Now we'll run  two threshold tests -- one for all searches and another for our discretionary search universe. This typically takes about 20 minutes to run. 

Grab a coffee!

In [8]:
# Run threshold test for all searches and for just discretionary searches
tt_results_all_searches <- threshold_test(
  ripa_veh,
  sub_geography,
  geography_col = geography
)
write_rds(tt_results_all_searches, "tt_results_all_searches.rds")

tt_results_discretionary_searches <- threshold_test(
  ripa_veh %>% filter(!non_discretionary_search),
  sub_geography,
  geography_col = geography
)
write_rds(
  tt_results_discretionary_searches, 
  "tt_results_discretionary_searches.rds"
)


# Function wrapper for convergence checks and ppcs
model_checks <- function(model_result) {
  fit <- model_result$metadata$fit
  summary <- summary(fit)$summary
  # Want this to be < 1.05
  print("max Rhat")
  print(summary[,'Rhat'] %>% max(na.rm = T))
  # Want this to be > 0.001
  print("min n_eff")
  print(summary[,'n_eff'] %>% min(na.rm = T)) #/ nrow(tbl))

  search_rate_ppc <- plt_ppc_rates(
    model_result$results$thresholds,
    rstan::extract(model_result$metadata$fit),
    "search_rate",
    numerator_col = n_action,
    denominator_col = n,
    title = str_c("LA threshold ppc - search rates")
  )

  hit_rate_ppc <- plt_ppc_rates(
    model_result$results$thresholds,
    rstan::extract(model_result$metadata$fit),
    "hit_rate",
    numerator_col = n_outcome,
    denominator_col = n_action,
    title = str_c("LA threshold ppc - hit rates")
  )

  list(
    search_rate_ppc = search_rate_ppc,
    hit_rate_ppc = hit_rate_ppc
  )
}

all_search_checks <- model_checks(tt_results_all_searches)
disc_search_checks <- model_checks(tt_results_discretionary_searches)

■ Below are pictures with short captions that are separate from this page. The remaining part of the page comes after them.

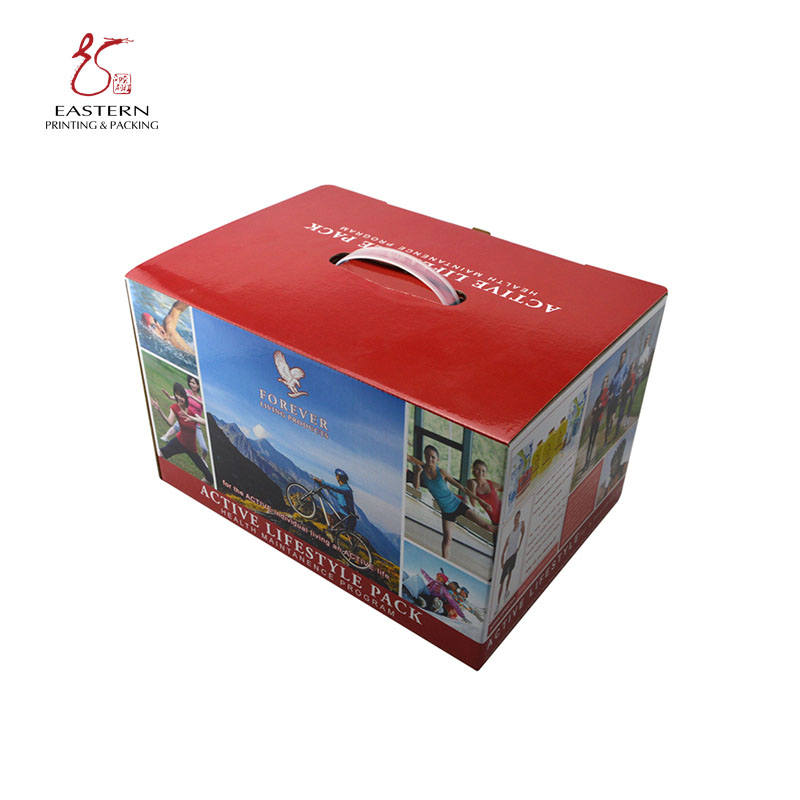 Embossing Corrugated Cardboard Packaging 4C Custom Carrying Box With Handle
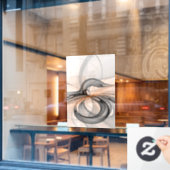 抽象芸術アントラサイエンナモダンフラクタルアート ウィンドウサイン (カフェ窓)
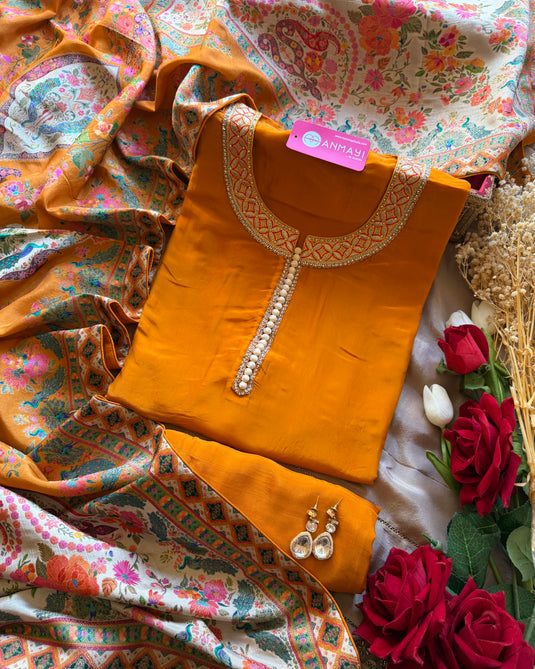 Satin silk potli button suit set with Jamawar stole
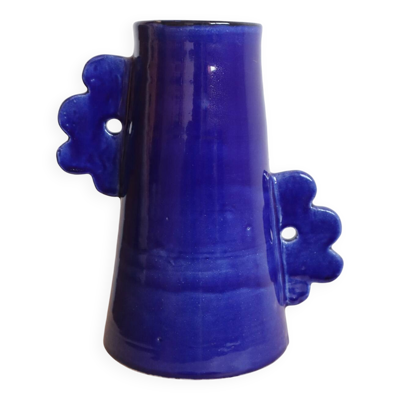 Vase abstrait en céramique fait main anses asymétriques fleuries bleu nuit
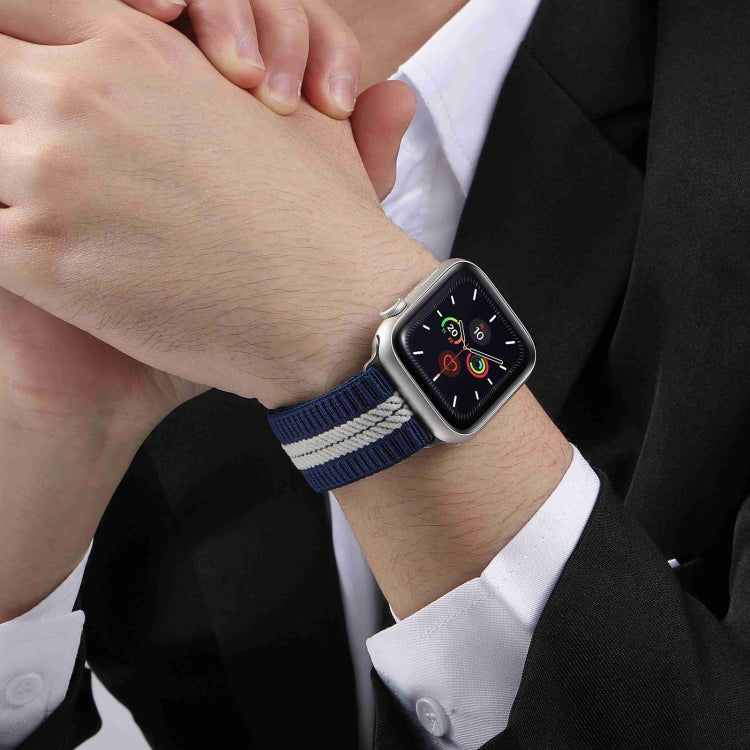 For Apple Watch 46mm / 49mm / 45mm / 44mm Parachute Buckle Braided Nylon Watch Band(Blue White) - free shipping - PMc TechLife - Order now!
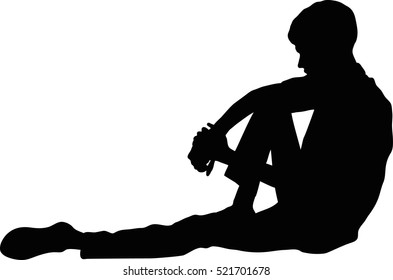 Vector silhouette of Very sad young man sitting alone on white background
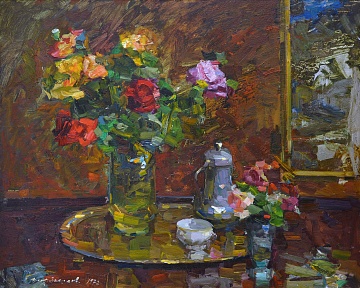 "Still life with roses on the background of the picture", 1972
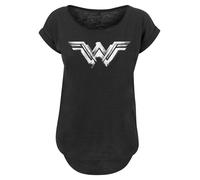 F4NT4STIC T-shirt 'DC Comics Wonder Woman Distressed Logo' gris chiné / noir / blanc, Taille XS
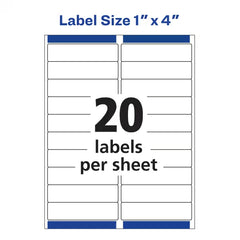 Avery&reg; Matte Clear Address Labels, Sure Feed&trade; Technology, Inkjet, 1" x 4", 200 Labels (18661)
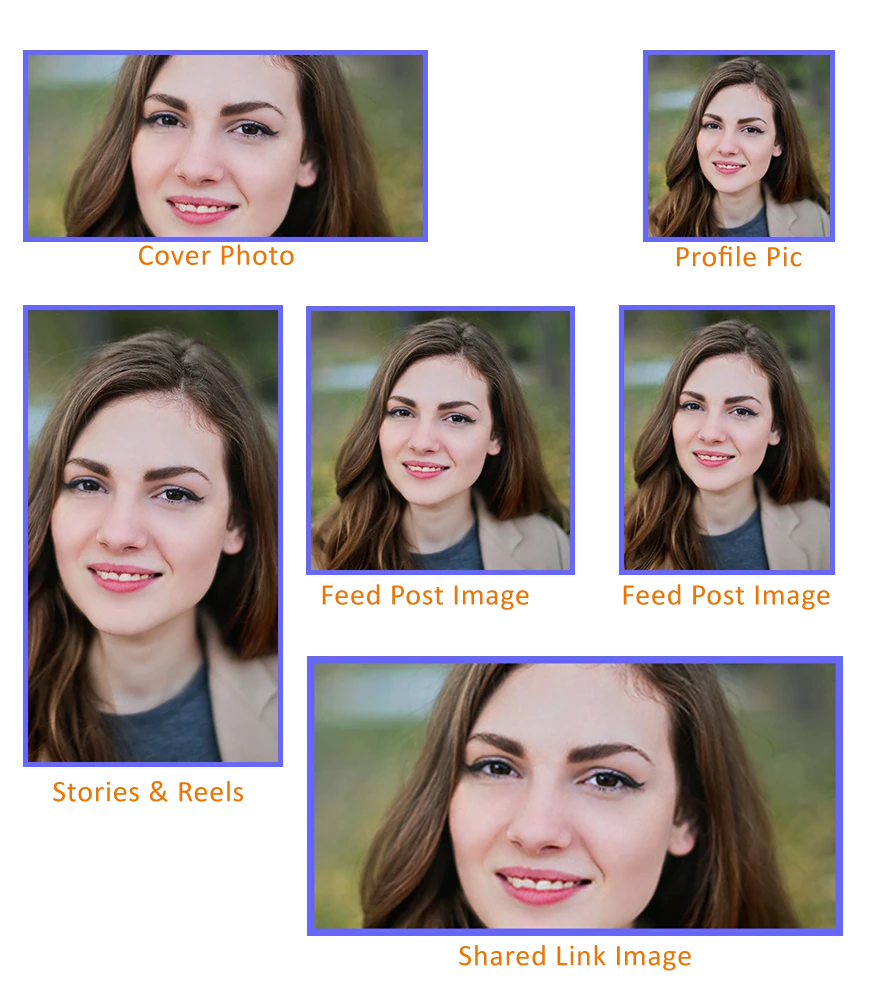 Same portrait cropped into multiple dimensions for cover photo, profile, feed post, reels, and link preview.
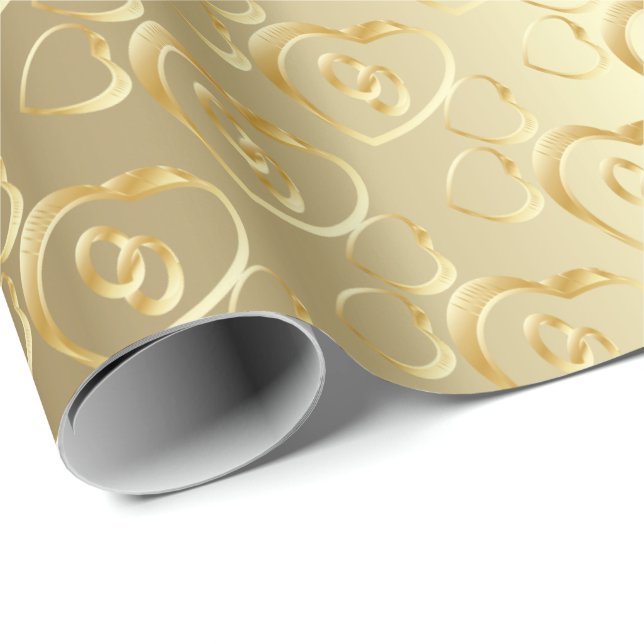 Elegant Gold Wedding Bands Wrapping Paper (Roll Corner)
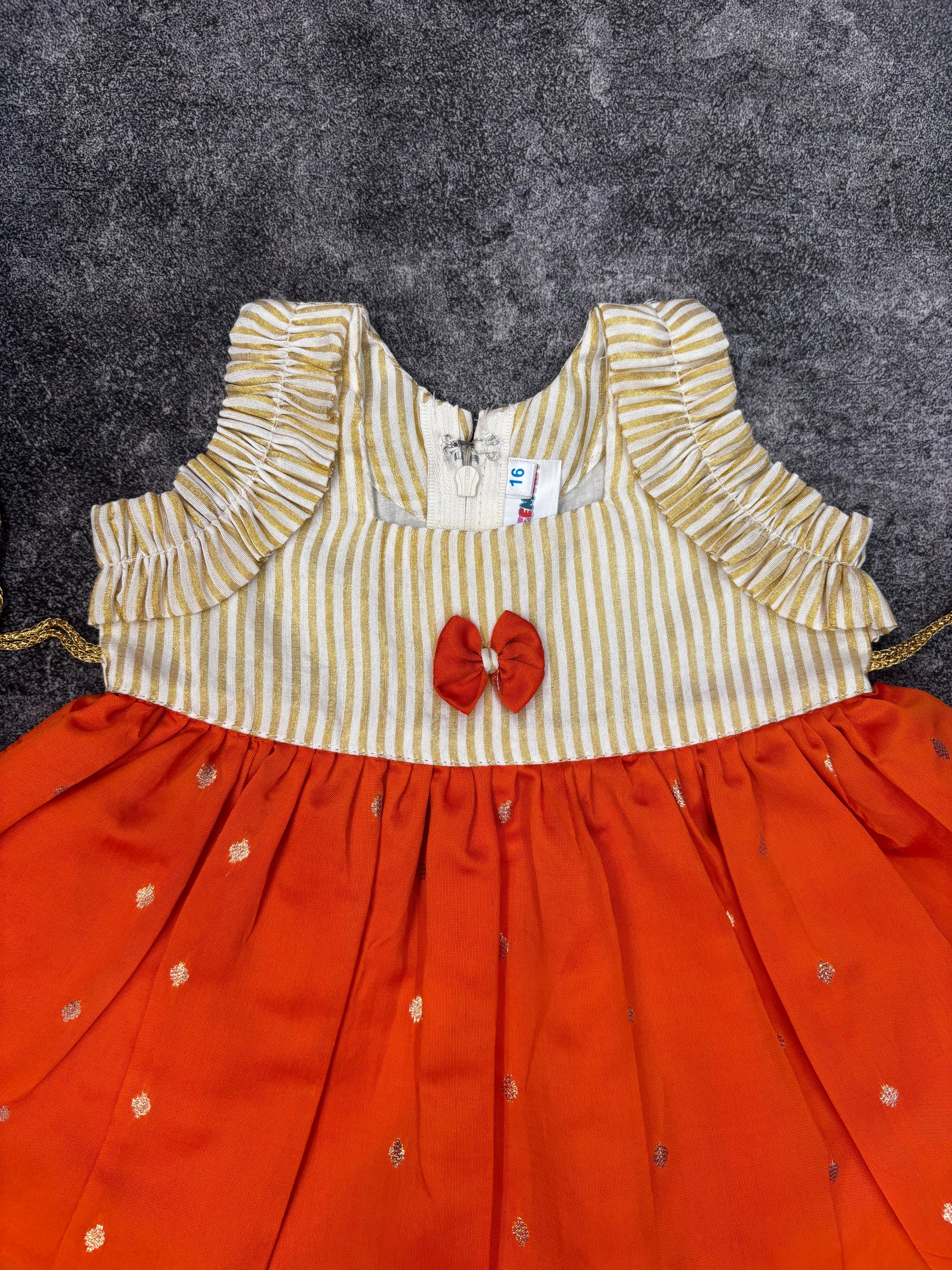 Onam Special Rust Orange & Gold Kasavu Silk Frock for Baby Girl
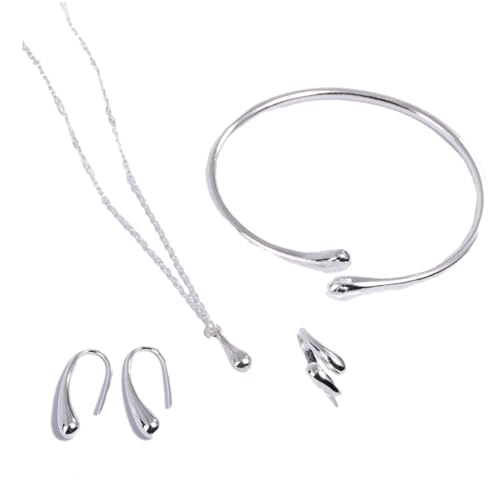 SHERCHPRY 4 Stk Ohrringe aus Sterlingsilber Halskette aus Sterlingsilber Armreif Halsketten eine Halskette brautschmuck dekor Träne Armband Hochzeitsanzug einstellen von SHERCHPRY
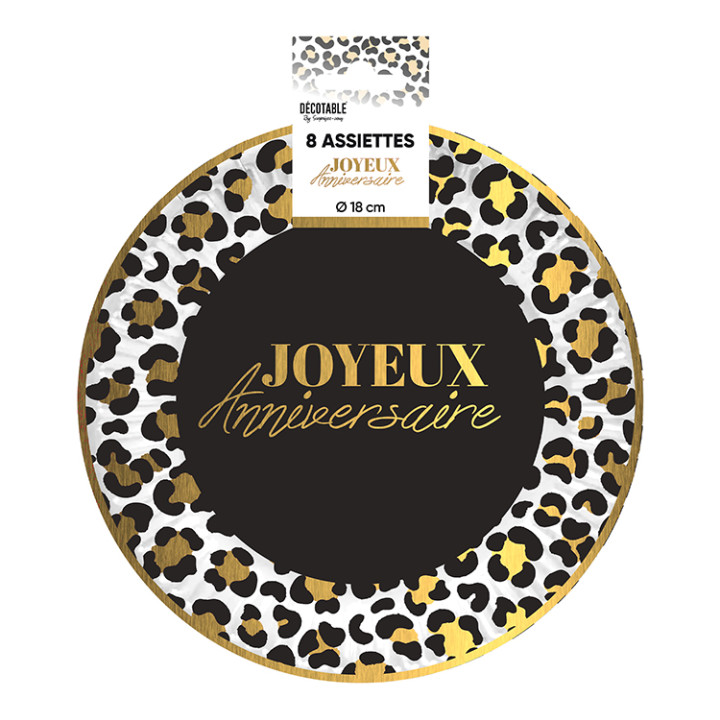 Assiettes à dessert “Joyeux Anniversaire” - Léopard - lot de 8 | Le Géant de la Fête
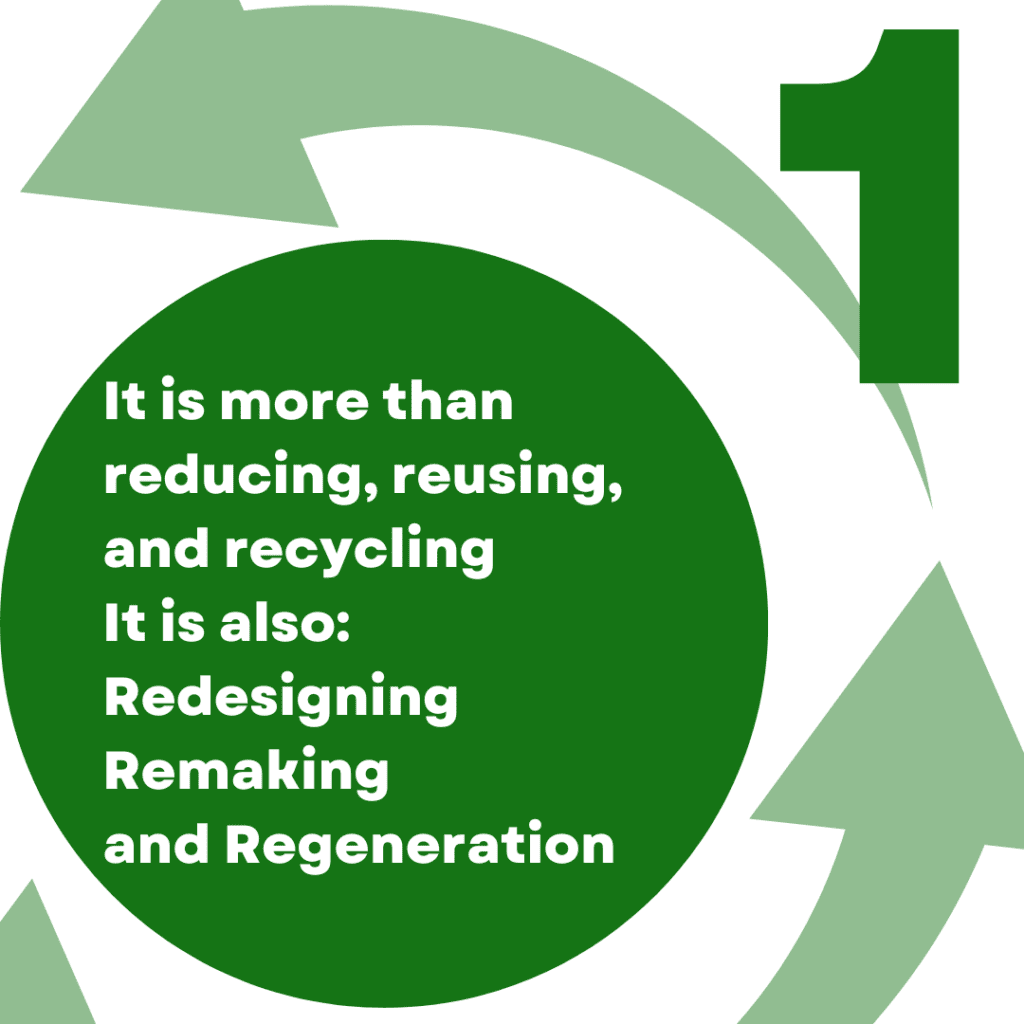 text: it is more than reducing, reusing and recycling. It is also: redesigning, remaking, and regeneration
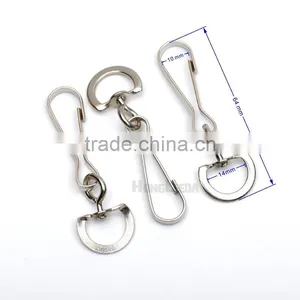 14mm Metal Iron Swivel Clasps Snap Two Hooks Rings Key Hooks DIY Key Chain Ring Nickle Color HK-015 thumbnail-1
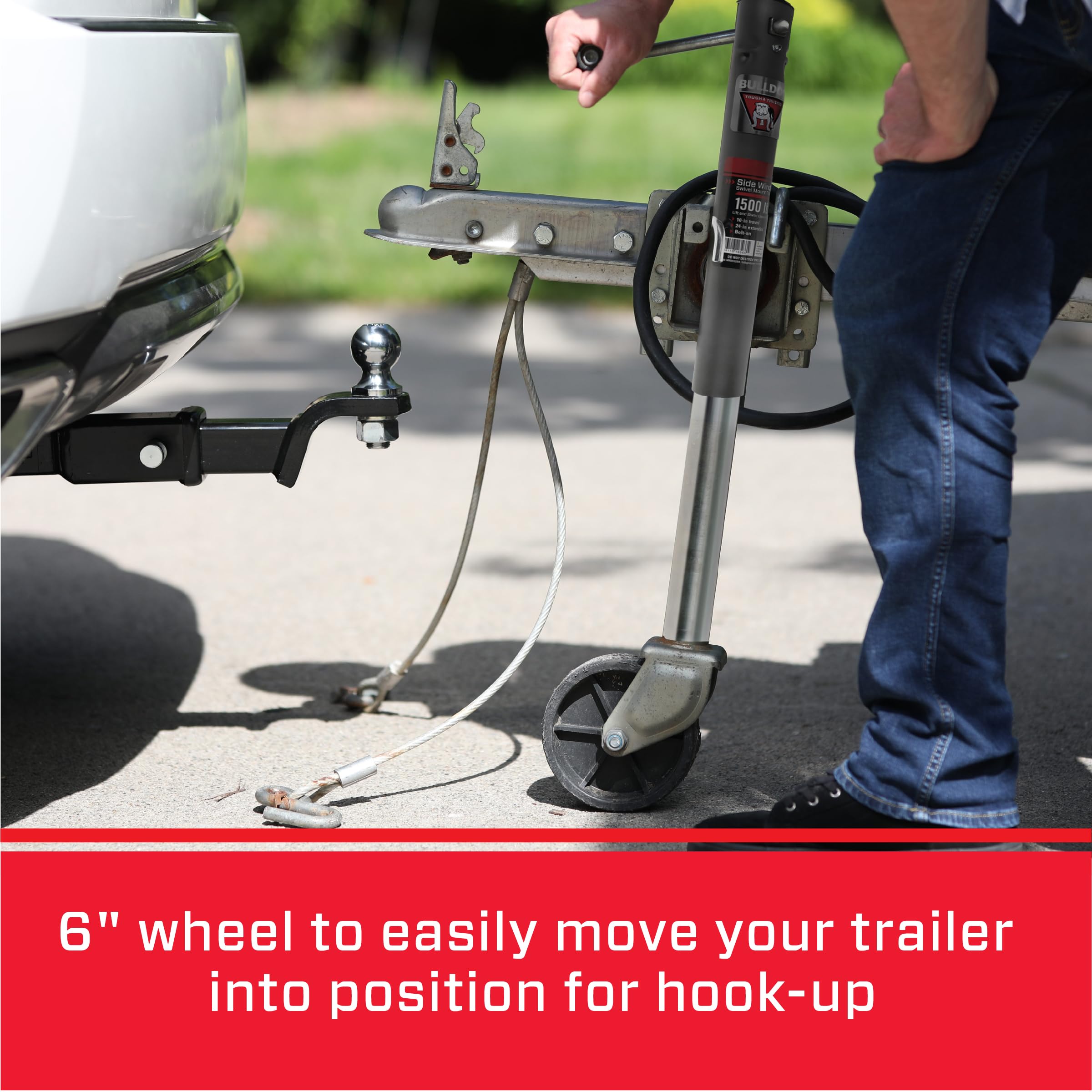 Round Bulldog 151444 Trailer Jack, Side Mount, 1,500 lbs. Lift Capacity, Sidewind, Bolt-On, 10 Inch Travel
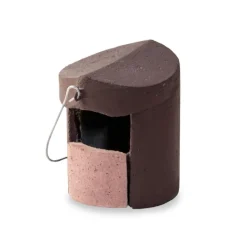 Nichoir pour rouges-gorges ou gobe-mouches gris en béton de bois coloris marron Schwegler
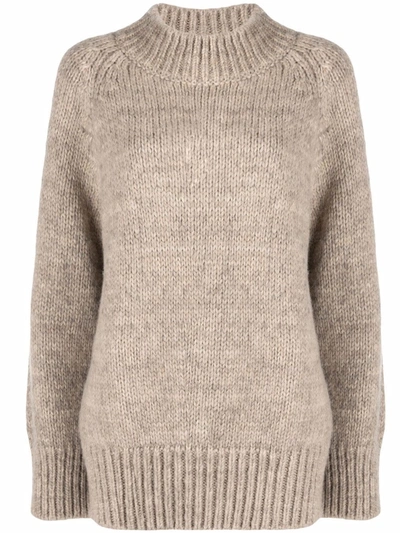 Maison Margiela High Neck Knitted Jumper In Nude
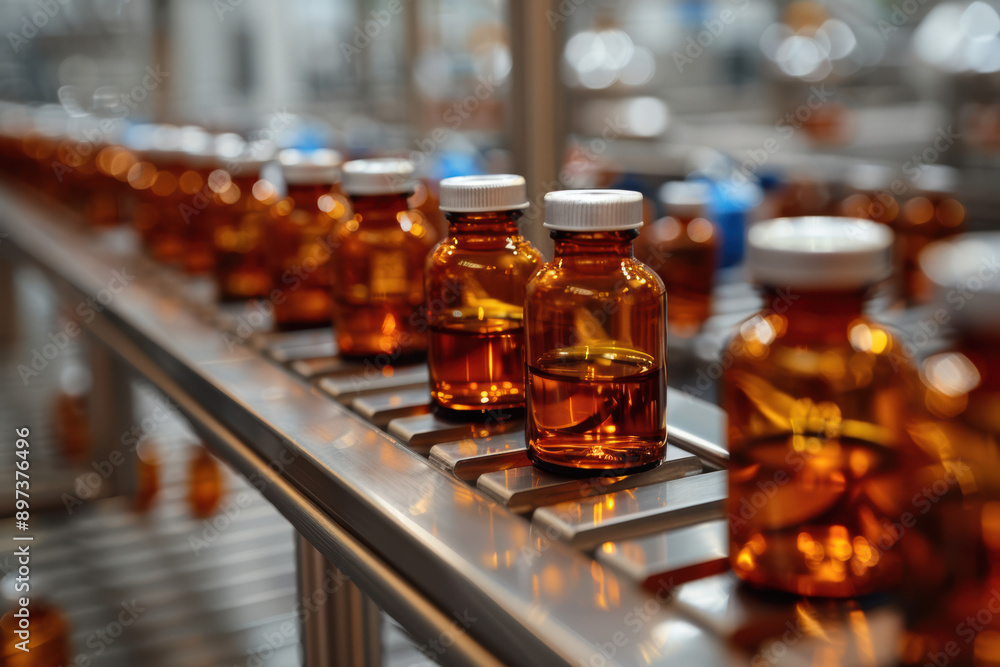 Bottles of amber glass on a conveyor belt in a pharmaceutical factory, representing medicine production and industrial automation. Bottles of amber glass on a conveyor belt in a pharmaceutical factory, representing medicine production and industrial automation.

tt_results_all_searches$results$aggregate_thresholds
tt_results_discretionary_searches$results$aggregate_thresholds

"2.38% of data was null for required columns and removed"recompiling to avoid crashing R session
"number of items to replace is not a multiple of replacement length"

[1] "max Rhat"
[1] 1.004415
[1] "min n_eff"
[1] 1400.747
[1] "Weighted RMS prediction error: 0.04%"
[1] "Weighted RMS prediction error: 4.99%"
[1] "max Rhat"
[1] 1.005524
[1] "min n_eff"
[1] 1211.272
[1] "Weighted RMS prediction error: 0.05%"
[1] "Weighted RMS prediction error: 7.80%"


race,avg_threshold,threshold_ci,threshold_diff,diff_ci
black,15.91%,"(15.33%, 16.48%)",-2.05%,"(-3.50%, -0.64%)"
hispanic,15.38%,"(14.85%, 15.93%)",-2.58%,"(-4.01%, -1.19%)"
other,15.00%,"(13.48%, 16.61%)",-2.97%,"(-4.97%, -0.90%)"
white,17.96%,"(16.68%, 19.28%)",,


race,avg_threshold,threshold_ci,threshold_diff,diff_ci
black,18.49%,"(17.60%, 19.40%)",-5.79%,"(-8.86%, -3.02%)"
hispanic,18.91%,"(18.01%, 19.87%)",-5.38%,"(-8.42%, -2.58%)"
other,20.50%,"(17.83%, 23.49%)",-3.78%,"(-7.77%, 0.26%)"
white,24.28%,"(21.64%, 27.21%)",,


These result tables show that black and Latino vehicle occupants had significantly lower search thresholds than whites for all searches and for discretionary searches.